Invoking former PM Atal Bihari Vajpayee, Modi urged Pakistan to shun its anti-India attitude, saying terrorism has not helped anyone in the last 60 years. “Try it for 10 years and trust me, Pakistan will prosper if it does not allow terrorists to operate there,” Modi said while stressing that Vajpayee’s policies ensured peace between the two countries.
“Terrorism affects everyone. We can’t deal with it selectively.
Pakistan now has a democratic government and it was hoped that it would walk on the path of peace. But the way our soldiers were killed, it doesn’t look like Pakistan wants peace,” the BJP’s prime ministerial candidate said. “If we all fight against poverty, illiteracy, backwardness together, this land of Mahatma Gandhi will prosper.”

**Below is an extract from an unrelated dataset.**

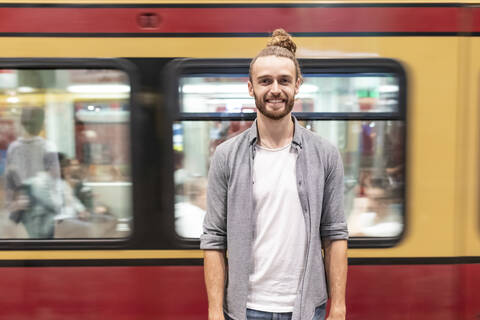 Junger Mann am Bahnhof mit unscharfem Zug als Hintergrund, lizenzfreies Stockfoto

General VK Singh admitted that our defence policy was weak.
“Defence doesn’t seem to be taken seriously in this nation. If this nation has to be strengthened, the soldier must be respected,” the former army chief said. Saluting the jawans, he said no other country has soldiers who are better and braver than the ones India has. “Our officers, too, are ready to lay down their lives.”
Talking about the welfare of ex-servicemen, Modi demanded a white paper on ‘one rank, one pension for soldiers’. He told the ex-servicemen that had Vajpayee’s government returned to power in 2004, this would not have remained a problem to date as a solution had been found keeping all stakeholders in mind.

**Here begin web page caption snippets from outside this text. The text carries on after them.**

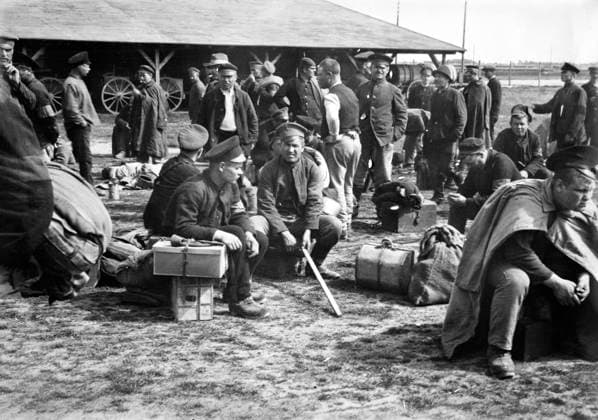 Prisoners resting on their luggage while awaiting order to move to repatriation points, Lamsdorf, Germany, American Red Cross Collection, June 7, 1919  Copyright: xCircaxImagesx ghi-circa11773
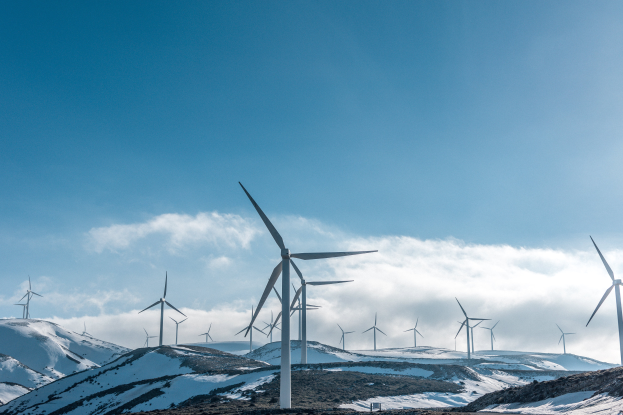 Eine Gruppe von Windkraftanlagen steht in einem verschneiten Feld, mit verschneiten Hügeln und bewölktem Himmel im Hintergrund und Text unten, der ein erneuerbares Energieprojekt angibt.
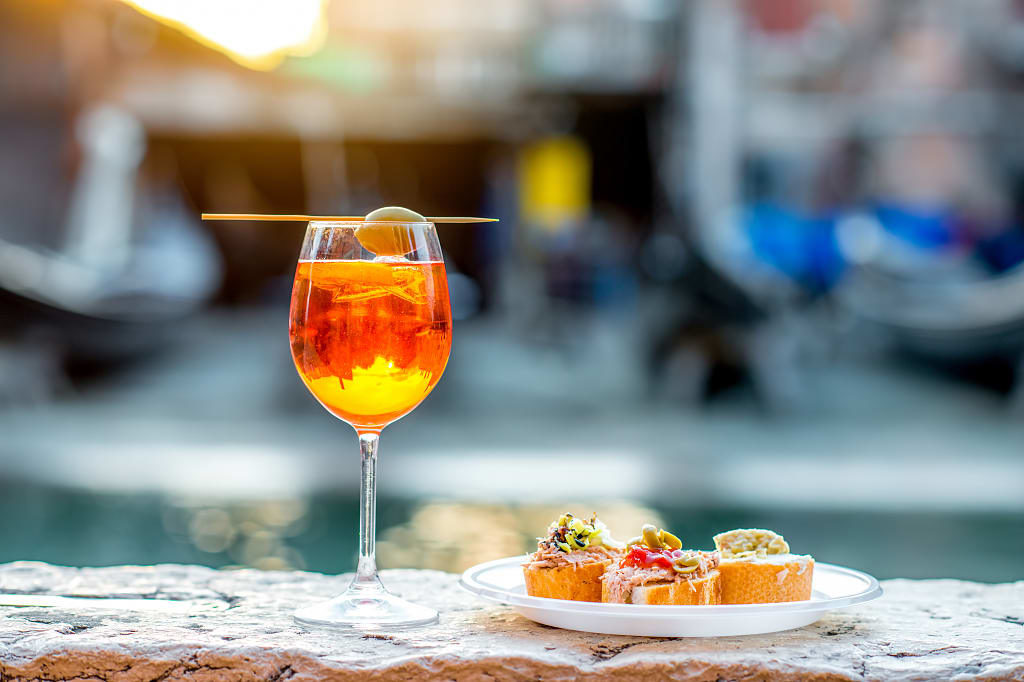 Traditional aperitif at cicchetti bar on the canal in Venice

Highlighting the vacancies in the armed forces, Modi spoke about the insult meted out to soldiers. He did not name the minister in Nitish Kumar’s government who had said that soldiers join the armed forces to die for the country, but said it was because of such insults that youngsters don’t want to join the army.
“We need to change that,” Modi said while warning about the possibility of a cyber war. “We will need soldiers and youth who can participate in this new-age war. The government in Delhi will have to be prepared for this.”
Modi also spoke about the need to make defence procurement self-reliant. “Even small parts for weapons are exported. We need to become self-reliant when it comes to creating our weapons. We need education, skills and engineers for this. We should dream of exporting our own weapons,” he said.
Slamming the United Nations, he said the UNO has been formed to prevent World War III, but more countries are suffering from the new-age proxy war. “More soldiers have died to terrorists and Maoists in India than fighting at the border in recent times.
War has changed its colour and strategy; now, there will be no more war at the borders. Enemies try to fight proxy wars and the name of that war is terrorism, and Maoism,” Modi explained.
Terming the constitutional right of voting as the biggest gift to 18year olds, he said: “If you want a strong nation, strong government in Delhi, make sure you are registered to vote if you are aged above 18.
Help people who are over 18 to become registered voters.”Slamming vote-bank politics to appease a section of society, the BJP leader said society has been divided into many sections. “The so-called secular leaders who want to learn secularism should learn it from our soldiers, who work together for our nation,” he said.
Modi alleged that the Union government tried to divide the army on the basis of religion. “We will not let the army be divided on the grounds of religion,” he said, referring to the Sachar Committee report.